From TrendForce, November 10:
ASML’s Magic Uncovered: Tech and Partners Behind Its EUV Edge China Can’t Replicate
While China is racing to close the lithography gap with homegrown tools from Huawei-linked SiCarrier and Yuliangsheng, the reality is that extreme ultraviolet (EUV) lithography remains an entirely different universe. Machines capable of printing sub-5nm chips are not just complex—they’re the pinnacle of global scientific collaboration.
Take ASML, the Dutch firm that holds a virtual monopoly in EUV. With Intel, TSMC, and Samsung as its main clients, ASML’s dominance isn’t merely about technological leadership—it’s about an ecosystem that no country can replicate overnight.
As Focus: The ASML Way reveals, ASML doesn’t exactly build EUV scanners—it conducts them like a symphony. Instead of crafting the optics, light source, or other core modules on its own, ASML serves as the master orchestrator, coordinating a global network of over 100 top-tier suppliers.

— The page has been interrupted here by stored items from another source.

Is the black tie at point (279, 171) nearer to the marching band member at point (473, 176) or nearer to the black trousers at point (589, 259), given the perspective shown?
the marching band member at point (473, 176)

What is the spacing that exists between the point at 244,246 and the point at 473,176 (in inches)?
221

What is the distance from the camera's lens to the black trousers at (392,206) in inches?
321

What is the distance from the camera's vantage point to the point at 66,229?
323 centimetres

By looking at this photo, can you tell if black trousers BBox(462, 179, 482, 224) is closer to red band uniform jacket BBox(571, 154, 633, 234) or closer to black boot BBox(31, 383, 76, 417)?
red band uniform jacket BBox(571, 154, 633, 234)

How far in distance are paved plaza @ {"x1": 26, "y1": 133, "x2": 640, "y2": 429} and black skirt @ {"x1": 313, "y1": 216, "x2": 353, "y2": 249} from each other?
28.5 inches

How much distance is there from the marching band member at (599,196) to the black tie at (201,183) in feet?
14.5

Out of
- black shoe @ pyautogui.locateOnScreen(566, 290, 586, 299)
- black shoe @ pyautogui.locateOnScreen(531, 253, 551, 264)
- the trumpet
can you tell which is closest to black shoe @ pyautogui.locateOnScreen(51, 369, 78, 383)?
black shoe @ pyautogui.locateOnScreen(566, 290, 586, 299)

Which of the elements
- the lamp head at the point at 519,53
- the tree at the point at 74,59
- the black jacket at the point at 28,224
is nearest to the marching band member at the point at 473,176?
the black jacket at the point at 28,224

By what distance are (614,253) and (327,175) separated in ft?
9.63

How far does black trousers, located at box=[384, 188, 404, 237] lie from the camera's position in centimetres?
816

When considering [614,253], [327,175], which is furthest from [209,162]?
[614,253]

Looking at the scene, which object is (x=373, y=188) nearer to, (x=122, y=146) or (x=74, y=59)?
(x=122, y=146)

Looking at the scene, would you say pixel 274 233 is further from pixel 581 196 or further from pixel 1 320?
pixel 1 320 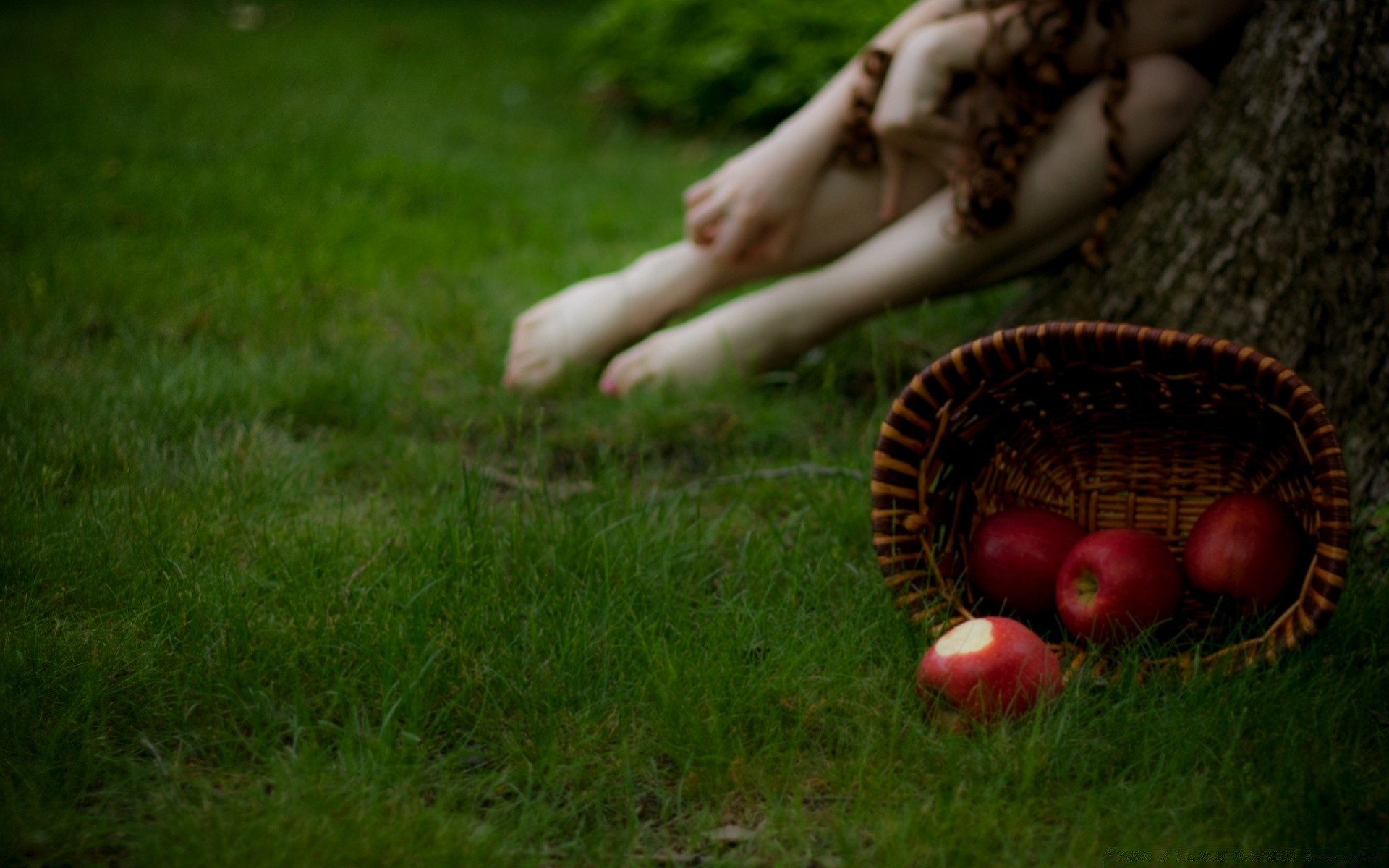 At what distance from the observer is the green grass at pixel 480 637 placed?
124 centimetres

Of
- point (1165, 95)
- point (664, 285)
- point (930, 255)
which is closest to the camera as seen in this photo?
point (1165, 95)

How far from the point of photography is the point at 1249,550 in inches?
→ 59.8

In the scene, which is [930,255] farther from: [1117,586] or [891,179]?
[1117,586]

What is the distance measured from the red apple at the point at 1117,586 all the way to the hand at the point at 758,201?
1.11 metres

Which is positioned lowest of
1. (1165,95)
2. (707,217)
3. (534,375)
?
(534,375)

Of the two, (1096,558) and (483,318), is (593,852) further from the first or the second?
(483,318)

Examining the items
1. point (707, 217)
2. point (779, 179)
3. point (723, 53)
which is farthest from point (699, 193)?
point (723, 53)

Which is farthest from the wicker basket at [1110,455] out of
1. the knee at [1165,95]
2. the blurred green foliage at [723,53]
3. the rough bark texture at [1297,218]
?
the blurred green foliage at [723,53]

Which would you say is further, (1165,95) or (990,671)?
(1165,95)

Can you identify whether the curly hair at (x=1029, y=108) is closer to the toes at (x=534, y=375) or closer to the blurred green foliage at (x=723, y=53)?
the toes at (x=534, y=375)

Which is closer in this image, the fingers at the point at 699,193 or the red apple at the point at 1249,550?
the red apple at the point at 1249,550

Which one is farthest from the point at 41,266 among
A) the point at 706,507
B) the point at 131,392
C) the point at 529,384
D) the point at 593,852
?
the point at 593,852

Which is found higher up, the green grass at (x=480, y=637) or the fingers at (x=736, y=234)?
the fingers at (x=736, y=234)

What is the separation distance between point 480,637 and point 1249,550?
1.01 meters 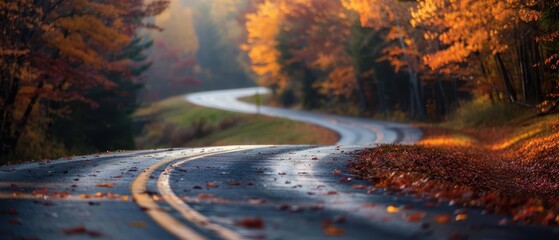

Let’s take a closer look inside this technological marvel—unpacking the structure of ASML’s EUV system, the key enablers behind its core components, and how this intricate collaboration has become the driving force behind ASML’s dominance.
From Light to Chip: Inside ASML’s EUV Process
As ASML explains, its EUV lithography is like carving circuits with a “nanoscale light scalpel.” Imagine trying to etch an entire encyclopedia onto a single grain of rice—ASML’s EUV machines do something similar: they use extremely short-wavelength light to “print” microscopic circuit patterns onto silicon wafers.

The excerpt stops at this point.